Se a família é parte essencial da identidade de alguém, por que não trazer a história dela para a sala? A professora Elizabeth Geralda Souza pensou nisso para desenvolver a sequência Histórias das Famílias para as crianças pequenas. Durante a sequência, há um momento em que um membro da família visita a escola para compartilhar costumes dos parentes e outro em que as crianças chegam a produzir um livro sobre as histórias da turma.
“Trazer a realidade da criança e do bebê para a sala faz com que ele se identifique mais com o espaço e a atividade se torne relevante”, salienta Danielle. Também é possível estabelecer essa parceria pedindo para os responsáveis enviarem fotos de um acontecimento recente e na sala pedir para a criança contar sobre o que está representado na imagem. Com os bebês, pode ser interessante solicitar aos pais que enviem imagens da mãe grávida, depois com o bebê recém-nascido e ir contando essa história para eles. Até mesmo pedir que escrevam sobre a escolha do nome do bebê para compartilhar com a turma é uma possibilidade.
Todas essas propostas fazem com que os pequenos se enxerguem como indivíduos e encontrem semelhanças e diferenças com os demais.

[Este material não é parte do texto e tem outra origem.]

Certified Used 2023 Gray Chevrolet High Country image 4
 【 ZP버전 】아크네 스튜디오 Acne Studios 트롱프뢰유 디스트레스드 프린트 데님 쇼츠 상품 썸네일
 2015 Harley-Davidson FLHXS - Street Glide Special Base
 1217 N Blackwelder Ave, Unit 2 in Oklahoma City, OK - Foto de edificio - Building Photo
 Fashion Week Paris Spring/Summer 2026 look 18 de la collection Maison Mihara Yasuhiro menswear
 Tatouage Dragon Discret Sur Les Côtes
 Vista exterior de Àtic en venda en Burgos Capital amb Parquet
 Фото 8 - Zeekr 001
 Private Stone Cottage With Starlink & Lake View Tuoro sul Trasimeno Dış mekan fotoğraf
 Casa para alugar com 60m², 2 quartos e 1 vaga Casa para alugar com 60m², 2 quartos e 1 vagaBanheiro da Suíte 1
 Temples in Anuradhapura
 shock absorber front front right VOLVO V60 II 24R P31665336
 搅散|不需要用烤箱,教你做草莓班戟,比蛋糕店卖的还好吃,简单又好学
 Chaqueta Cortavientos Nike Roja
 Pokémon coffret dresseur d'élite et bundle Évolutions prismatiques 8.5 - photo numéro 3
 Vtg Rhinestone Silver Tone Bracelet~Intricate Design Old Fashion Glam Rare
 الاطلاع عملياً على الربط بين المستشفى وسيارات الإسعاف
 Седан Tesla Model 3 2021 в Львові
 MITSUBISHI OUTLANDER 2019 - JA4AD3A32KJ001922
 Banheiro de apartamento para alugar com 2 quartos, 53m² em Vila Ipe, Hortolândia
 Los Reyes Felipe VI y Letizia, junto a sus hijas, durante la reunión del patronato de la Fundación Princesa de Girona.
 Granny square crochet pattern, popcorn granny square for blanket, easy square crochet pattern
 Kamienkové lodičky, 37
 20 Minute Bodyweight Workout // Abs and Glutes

Desde perceber que “eu gosto de brincar no canto dos livros e o Pedro também” até “O Pedro manca de uma perna e é diferente de mim”. Essas informações são importantes para as crianças entenderem o que é propriedade de cada um, o que ela pode tentar imitar e o que não, as partes legais de ser diferente e de ser parecido com os outros, entre outras coisas.
Claro que ninguém jamais termina de construir sua identidade. Pessoas estão sempre se reinventando e redescobrindo, mas tudo começa na infância e, nessa época, há o encantamento de encarar esse processo pela primeira vez. Cabe ao professor caminhar com elas em meio a essa bela jornada.